Freedom is a two-edged sword. When you give people freedom without a moral compass, the freedom will become more dangerous than if the people had little or no freedom, for they will use their freedom to practice their sins. The one thing we have come to find out about “The Great American Experiment” is that it contained a giant loophole for the proliferation of evil that lurks inside each one of us. At least the Romans lasted for six centuries. America will last barely two, for it is heading into moral debauchery faster and more intensely than Rome ever did, and the internal destruction that comes with it. No society in history has ever survived the institutionalizing of homosexuality. They have all collapsed, and rather quickly.
And where does the American Catholic Church stand in all of this? Unfortunately, it is the most to blame. The bishops of American Catholicism, as David Carlin tells in his new book “The Decline and Fall of the Catholic Church in America” (Sophia Institute Press, 2003) have abdicated their roles as the moral leaders of the country. Their voices are practically mute against the tide of sin we see increasing all around us. Not only do many of them fail to preach against these sins, they often sanction them, and, in fact, have become directly involved in them. We decry the Massachusetts decision to allow gay marriages, but we have recently discovered that between one-fourth and one-third of the U.S. bishops themselves are homosexuals, and upwards to fifty percent of the priesthood is homosexual, and nothing is done to stop it.
What do you think the secular society thinks when it sees men of God engaging in these sins? They say, “If they can do it and get away with it, why can’t we?” Most of the bishops condone contraception, which then leads to abortion and which many of them also countenance, some overtly, some secretly.

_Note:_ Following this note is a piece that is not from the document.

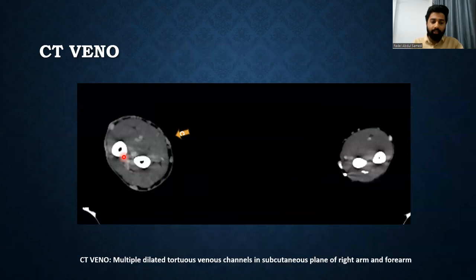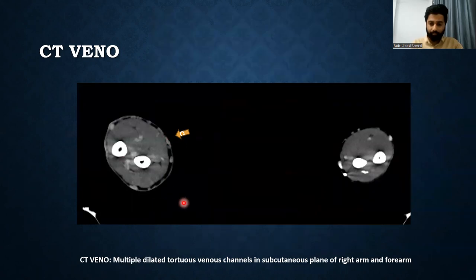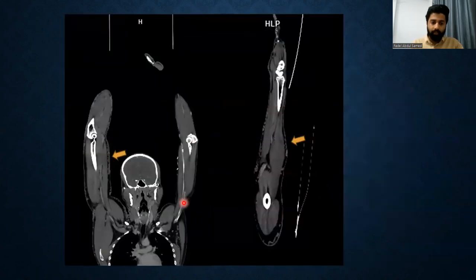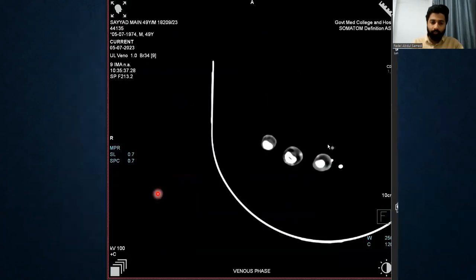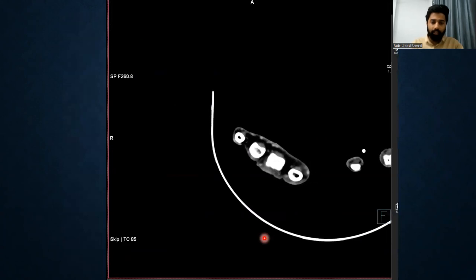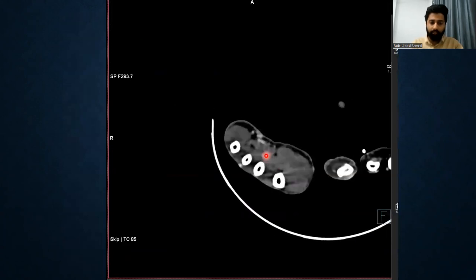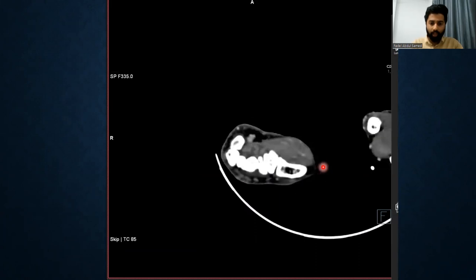On venous phase, on CT venography, we observed multiple dilated tortuous venous channels in the subcutaneous plane of the right arm and forearm. These are the coronal and sagittal reconstruction images showing the subcutaneous dilated tortuous venous channels. This is a video of the same, showing dilated tortuous venous channels in the subcutaneous plane of the right arm and forearm region.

In the very heart of Massachusetts they give communion to known abortion advocates (e.g., Edward Kennedy) and annulments to known adulterers (Joseph Kennedy) and thereby show the world that the Catholic Church condones sin today. They hide their aberrant priests and give excuses for the worst scandal ever to hit the Church - the molesting of our precious children. In short, they have made American Catholicism a shambles. Their list of sins and negligences could fill a book.

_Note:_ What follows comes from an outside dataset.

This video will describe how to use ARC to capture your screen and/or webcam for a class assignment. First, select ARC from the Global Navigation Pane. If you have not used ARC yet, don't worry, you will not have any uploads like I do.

As Jesus said to the Church, “You are the salt of the earth, but if the salt loses its savor, it becomes worthless, and men will trodden it underfoot” (Matthew 5:13). That is what is happening today in America. Americans have trodden underfoot the Catholic Church, because it has become worthless salt that has lost its savor. When you see the moral debauchery occurring in this country, yes, we can blame the American people and fault their government, but the real blame is on America’s bishops and priests. Conversely, when the Church sets a good example, the non-Christian world inevitably follows to a very high degree. The Church is man’s moral compass and the restrainer of evil. It becomes so by penetrating the only thing that stops evil from proliferating – men’s consciences and their innate fear of God. But when man’s conscience is no longer properly informed, and the fear of God’s wrath is made into a myth of olden times, then men’s evil will proliferate.
You can rest assured that God’s wrath will descend upon them very shortly. The decision in Massachusetts today is one of the last before the surge of evil completely breaks the damn, and then God will intervene (pun intended).